2.2 Psychische Folgen
Eth und Pynoos (1985; zit. nach Hordvik, 1997) definieren das psychische Trauma folgendermassen: ,Ein psychisches Trauma entsteht durch ein extremes Ereignis, das unerwartet und plötzlich eintritt, das lebensbedrohend ist oder als solches empfunden wird und die betroffene Person ganz intensiv über deren Sinneswahrnehmung trifft’.
Die unmittelbaren Reaktionen können als Schockzustand definiert werden (z.B. Gefühl der Unwirklichkeit, emotionale Gefühllosigkeit oder Verwirrtheit sowie verschiedene physische Reaktionen). Zu den Langzeitfolgen zählen spezifische und unspezifische Ängste, Verletzbar- keit, Depressionen, Pessimismus, emotionale Labilität und Kontaktangst (Hordvik, 1997).
Crocq (1999, 190) teilt die psychischen Kriegstraumata folgendermassen auf:
Abbildung in dieser Leseprobe nicht enthalten
Tabelle 1: Akute und chronische psychotraumatische Syndrome.
Die zwei bedeutendsten psychischen Belastungsreaktionen, die in der Folge von Kriegen auftreten, sind die akute und die posttraumatische Belastungsstörung. Diese zwei Störungsbilder sollen im Folgenden genauer beschrieben werden. Weitere psychische Folgen werden unter den altersspezifischen Symptomkategorien abgehandelt.

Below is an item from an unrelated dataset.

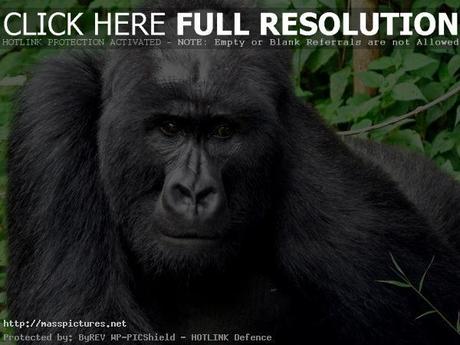 Virunga Gorillas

2.2.1 Akute Belastungsstörungen
Die akute Belastungsreaktion ist gemäss ICD-10 eine vorübergehende Störung von beträchtlichem Schweregrad, die sich bei einem zuvor gesunden Menschen als Reaktion auf eine aussergewöhnliche körperliche oder seelische Belastung entwickelt. Sie klingt in der Regel innerhalb von Stunden oder Tagen wieder ab (Steinhausen, 2000, 139).
Die Symptome sind sehr variabel und treten meist innerhalb von Minuten nach dem Ereignis auf. In der Regel geht ein initiales Gefühl von Betäubung voraus, das durch Einengung von Bewusstsein, Aufmerksamkeit, Reizverarbeitung sowie Desorientiertheit gekennzeichnet ist.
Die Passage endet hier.